In the past 13 or so years that Nigeria has been battling insurgencies, the attacks have had a pattern of being disproportionately heavy on agrarian communities or directly on farmers. I think no singular occupational group has come under attack by the bandits and insurgents as farmers. Of course, lately, religious leaders, consisting mainly of Catholic priests, could be the next most attacked occupational cluster. Even inter-state taxi drivers probably would rank 2nd or 3rd on the ladder. But even if statistics were to disprove my observations by showing that any of the two groups have suffered in the hands of kidnappers and insurgents more than farmers, you would agree that farming would have the most profound and debilitating effect on society.

The effect of the attacks on farmers is glaring in the worsening situation of food supply in Nigeria, and this is not a reason to lament in this column. It is just to explain why impact investing, applied to agriculture, could salvage the situation. Maybe I should start with an example of two organisations that received impact investment in the agriculture space. One is Babban Gona and other is Tomato Jos. Babban Gona’s strategy is to train farmers on the best methods and management, then provide credit and farm inputs at lower prices, and support the farmers with harvesting and marketing. As obvious as this appears, this handholding of the farmers throughout the process, from beginning to end, makes a big difference. That’s what $18m of impact investment can do. If I get that, I will brand my Benue Rice or package Benue Yam for you!

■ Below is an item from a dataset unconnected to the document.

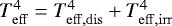 $T^4_{\rm{eff}}= T^4_{\rm{eff, dis}}+T^4_{\rm{eff, irr}}$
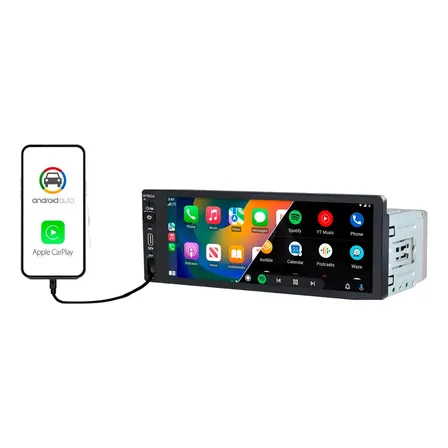 Central Multimídia 1din H-Tech Tela 6.9" Android Auto Carplay Bluetooth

As for Tomato Jos, one is always tempted to think of Flavour Nabania’s voice when the name comes up, but that is far from what they do. They add value to tomatoes that would otherwise have gone to waste by proactively targeting to make pastes from the tomatoes grown by smallholder farmers who would otherwise have lost their crops. They estimated that Nigeria produces roughly two-thirds of the tomatoes in West Africa, but while not producing purees and other products of value addition, the availability of the commodity can be seasonal and lead to a glut when it is in season. Now, they have a plant worth $5m in Kaduna State, and they partner with 350 farmers. This is in the same Kaduna State that I haven’t embarked on a road journey to for 3 or 4 years!

If you study these cases closely, they can tell you a lot about what Nigeria stands to gain from impact investment, specifically targetting agriculture. Impact investment, when done right, has the potential to bring the financial discipline of the corporate financial world to bear on the benevolence of the social impact sector. In the social impact sector, represented by NGOs and other charity organisations (which should have included governments), the focus is on spending and not on value for money as such. In private capital, the focus is on cutting costs and maximising profits. Now we have a model that ought to take advantage of the best of both worlds.

Of course, as a new concept, there are challenges and grey areas. Who would guarantee what happens in the sector? There is a need for regulation and for government to stretch its hands into the space–financially too. Recently, the government joined in the launch of a Wholesale Impact Investment Fund (WIIF), with the intent of raising $100bn to support the kind of businesses I used as examples above. The Honourable Minister of State for Budget and National Planning, Prince Clem Agba, has even inaugurated a committee on this. He charged them “to unlock local private investments using capital from public sources and to delve into strategies for attracting investments from Development Finance Institutions (DIFS) into the impact investing ecosystem”. I love the refreshing sound of all these. I wish it weren’t in the wee hours of this administration’s life. I am keeping hope alive that, given the private sector involvement and the drive by an NGO, something positive shall come out of this, and Nigeria shall be rescued from this edge of looming starvation.